First, my friend Anna and I went to the Fitzgerald Theater, St. Paul’s oldest theater, to hear Erin Morgenstern, author of The Night Circus, be interviewed for Minnesota Public Radio and the Star Tribune’s “Talking Volumes” event.  You may remember that I posted earlier this year about The Night Circus, which blew my mind and was one of my favorite books I read this year.  It tells the story of two magicians in a competition who end up in love.  Morgenstern was so sweet and unassuming, and she seemed legitimately surprised that so many people would show up to hear her interview.  She talked about how the book is being made into a movie, and how the Black Phoenix Alchemy Lab is making a Night Circus line of perfume.  Some musicians at the event had written a song called “Morgenstern’s Circus in C Minor.”  It’s like fan fiction in different media!  Absolutely loved it.  Spin-off art!
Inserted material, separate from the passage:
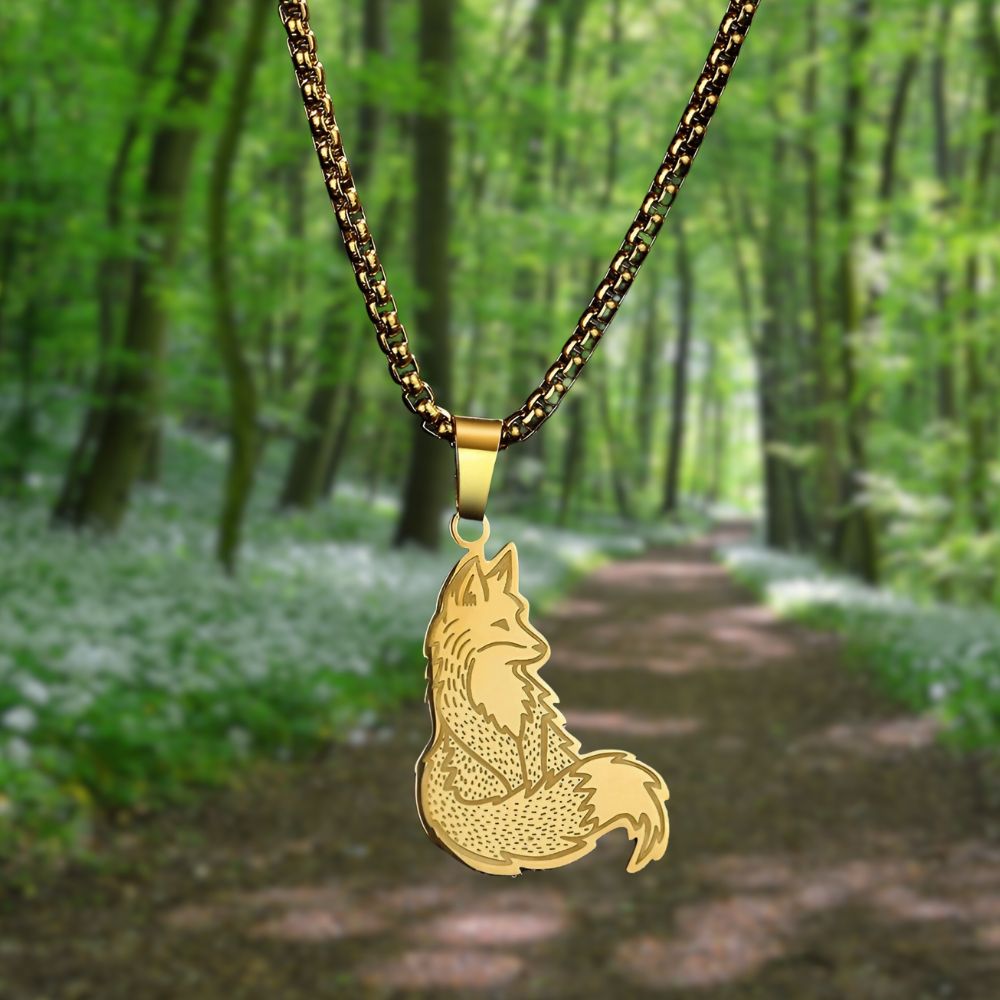 Pendentif renard or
I was very encouraged to hear Morgenstern speak because she was so real and told us that The Night Circus didn’t even have a plot when she first wrote it!  It reminds me so much of the writing of Lights All Around, when, day after day, I would just sit down and write whatever was on my mind, hoping it would all eventually be “book-shaped,” Morgenstern’s word for it.
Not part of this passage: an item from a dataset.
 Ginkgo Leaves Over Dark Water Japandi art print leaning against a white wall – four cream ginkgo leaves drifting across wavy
The next night, I went with Eir to the Mixed Blood Theater in Minneapolis to watch the musical “Next to Normal.”  A musical about bipolar disorder … I wasn’t sure how it was going to be, but it was unbelievable!  The music was beautiful, and the story was heart-breaking.  I held in my tears for the whole two hours– but barely!  To show such a deep depression through the evocative power of music just rended my heart.  And for this obsessive-compulsive girl who has fought such similar battles, it struck so close to home!  The depression, the sadness, the way it hurts the people you love, all the pills and the therapists and grasping at straws.  If you ever have the opportunity to see this musical (which has been on Broadway in the past), please do.  It may very well change you.

I love my cities.  I never believed this smalltown farm girl would say something like that, but it’s so true!

I always think of Mpls as masculine and St. Paul as feminine. Is that weird?